You could write a morality play about Argentina’s debt woes.  A vengeful market has never forgiven the country’s original sin of debt default in 2002.  Argentina spent years running away from its debts, even running to the likes of the late Hugo Chavez for funding.   The country restructured about 93% of its bonds in 2005 and 2010, but a group of “holdouts” has pursued the remainder with the zeal that Inspector Javert pursued poor Jean Valjean, going so far as to force the impounding of an Argentine  navy ship in Ghana two years ago.

Not that I feel sorry for Argentina, of course.  The country got itself into this mess by borrowing too much money and then arrogantly refusing to pay it back.  Argentina has also pursued a range of disastrous anti-market policies over the past decade, has made a habit of expropriating foreign assets (as was the case when it effectively stole Repsol’s YPF (YPF) stake), and has even contributed to the soaring world price of beef by restricting exports in a boneheaded attempt to contain inflation.  

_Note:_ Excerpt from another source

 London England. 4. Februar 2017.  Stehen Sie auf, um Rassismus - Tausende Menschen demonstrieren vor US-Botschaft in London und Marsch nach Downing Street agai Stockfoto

But the U.S. Supreme Court decision on June 16 to let stand a lower court ruling that would require Argentina to make its holdout creditors whole or effectively be restricted from the global financial system is potentially bringing this morality play to an end.  Without some sort of deal, Argentina faces another default at the end of this month, as it lacks the cash to make the holdouts whole and pay its other bondholders.  

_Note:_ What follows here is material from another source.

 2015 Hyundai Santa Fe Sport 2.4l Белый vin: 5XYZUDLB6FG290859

NML Capital, the hedge fund leading the holdouts, said Thursday it is ready to negotiate, and Argentina’s government indicated Wednesday that it was prepared to send representatives to New York.

Argentina seems to be in a deal-making mood these days.  Argentina settled its dispute with Repsol in April and settled with the “Paris Club” of sovereign lenders in May.  The hedge fund vultures are the last impediment to Argentina being a “normal” country again, or as normal as a country with Argentina’s history can ever hope to be.  
I expect capital to start flowing back into Argentina this year, as a settlement will remove much of the uncertainty that has made investment all but impossible.  

So, how do we play Argentina’s return to polite society?

One option is via the Global X FTSE Argentina 20 ETF (ARGT), a basic of liquid Argentine stocks.   ARGT is heavily weighted in international pipe maker Tenaris (TS) and in state oil company YPF (YPF), at 20% and 13% of the portfolio, respectively.

I’m ok with that.  I expect most of the investment flowing into the country to go straight to the energy sector.

Action to take: Buy ARGT and expect to hold for 12-18 months for 30%-75% gains.  Use a 15% trailing stop as risk management.